In March 2020, I wrote a blog post about how the German Federal Cartel Office (FCO) assesses whether business-to-business (B2B) platforms comply with competition law. This post built on an earlier blog summarising the FCO's main requirements and concerns in this area.  

The FCO has since shed further light on its competition concerns regarding B2B platforms via its September 2020 case report (PDF, in German) on OLF Germany GmbH (OLF). It remains that key to the FCO's concerns is:

  • potential transparency between competitors; and
  • in this case specifically, the transfer of information to Shell, one of OLF's two shareholders.

OLF’s platform will be used for the wholesale trade of petroleum products between potential sellers, such as petroleum companies, crude oil refineries and independent traders, and potential buyers, which would include a variety of resellers. (The platform is not aimed at end users.) It is therefore possible that a company (such as Shell) could be both a seller and customer on the platform.

The FCO's case report concludes that it has ‘no objections’ to the trial operation of the OLF platform. This therefore serves as a helpful example of how companies could navigate similar competition issues successfully.

Risk of increased transparency

The FCO noted that the platform’s potential to increase transparency in the petroleum trade sector could create anti-competitive effects. The FCO highlighted that the exchange of competition-sensitive information could take place on two different levels:

  • between the suppliers on the platform; and
  • between the platform operator and the industry shareholder.

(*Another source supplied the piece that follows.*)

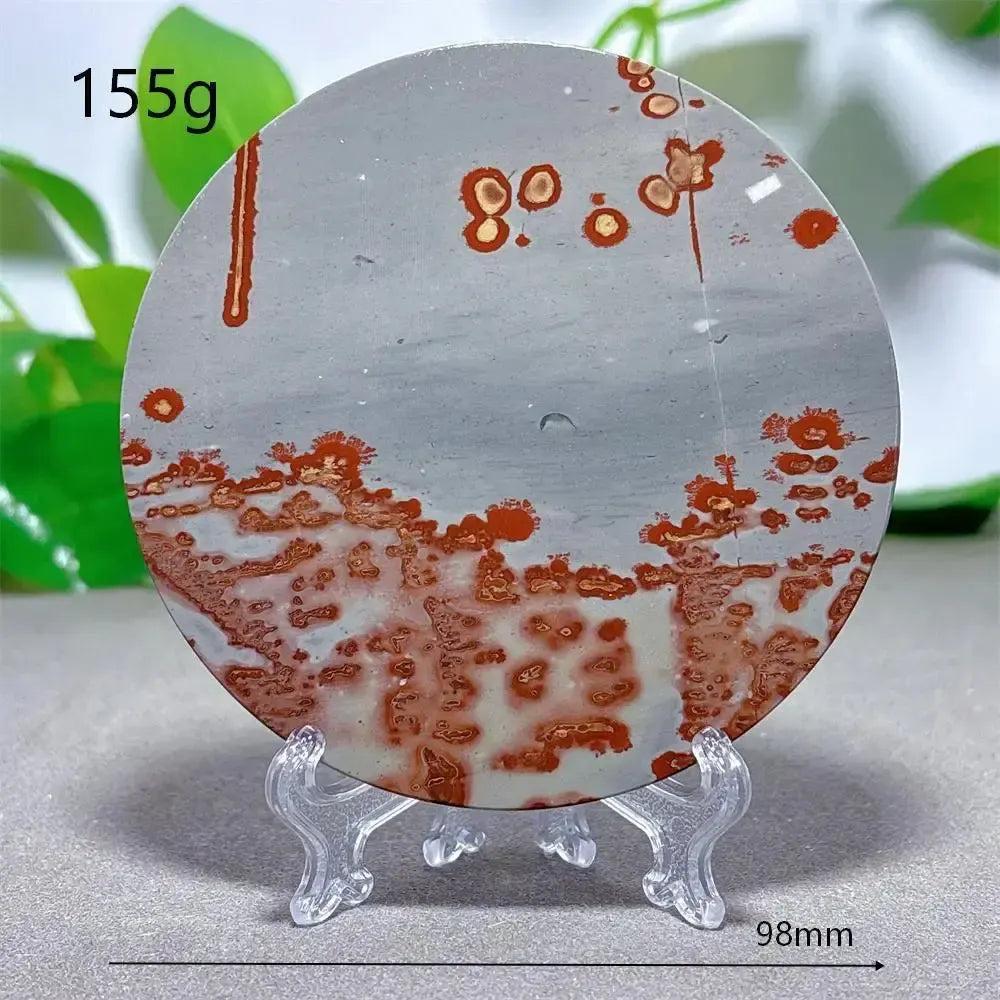 Round Picture Jasper crystal slice with red-brown patterns on a grey background, displayed on a clear stand from Crystal Destiny.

The FCO’s concerns were alleviated by the following steps that OLF took to limit transparency on the platform:

  • supply data on prices, quantities and local availability was initially displayed anonymously;
  • suppliers and customers had to create a user account before they could view supply data;
  • the contractual partner was only revealed at the last stage before the contract was concluded; and
  • OLF employed technological measures to protect anonymisation from being undermined by potential programs or bots.

Flow of information to shareholders active in the same market

To prevent the flow of information to Shell in a way that contravenes competition law, OLF kept shareholders operating in the same market separate from the platform’s technology and information. This is in line with the FCO's requirements set out in the XOM Metals case (PDF, in German) regarding the steel-trading platform.

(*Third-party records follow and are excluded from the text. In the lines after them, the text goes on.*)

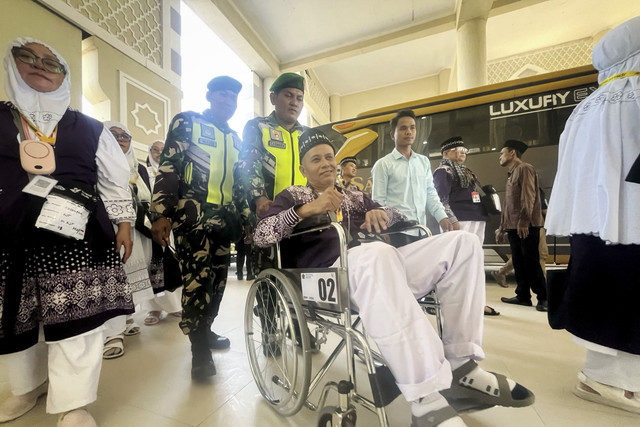 Petugas membantu jamaah calon haji kelompok terbang (kloter) pertama tiba di embarkasi Kertajati, Kabupaten Indramayu, Jawa Barat, Kamis (1/5/2025). Foto: kumparan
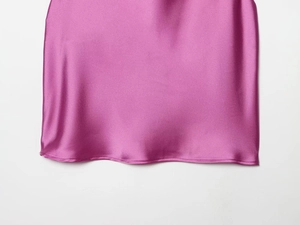 Close-up detail of magenta satin top showing smooth fabric texture and neat bottom hemline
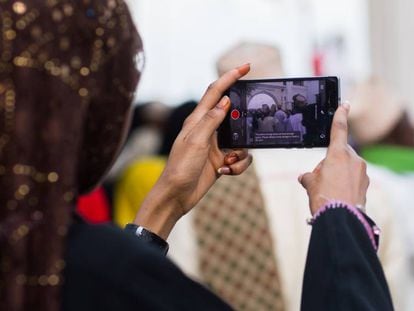 Una mujer hace fotograf&iacute;as con su &#039;smartphone&#039; durante las fiestas Maulidi en Kenia.  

OLF created further barriers by forbidding shareholders active in the same market from exercising the rights to information and inspection that they would normally be entitled to under the German law on limited liability companies insofar as this restriction is required to comply with competition law.

The safeguards and strategies listed above can serve as guidance for how businesses can satisfy the FCO's concerns. But it should be noted that the FCO will consider each platform on a case-by-case basis, so businesses should be aware that each solution will need to be tailored to the specifics of the platform and industry.  

Finally, while the FCO is still not obliged to pre-authorise or assess whether a B2B platform complies with competition law, the announcement shows the FCO’s continued willingness to engage with companies on these issues.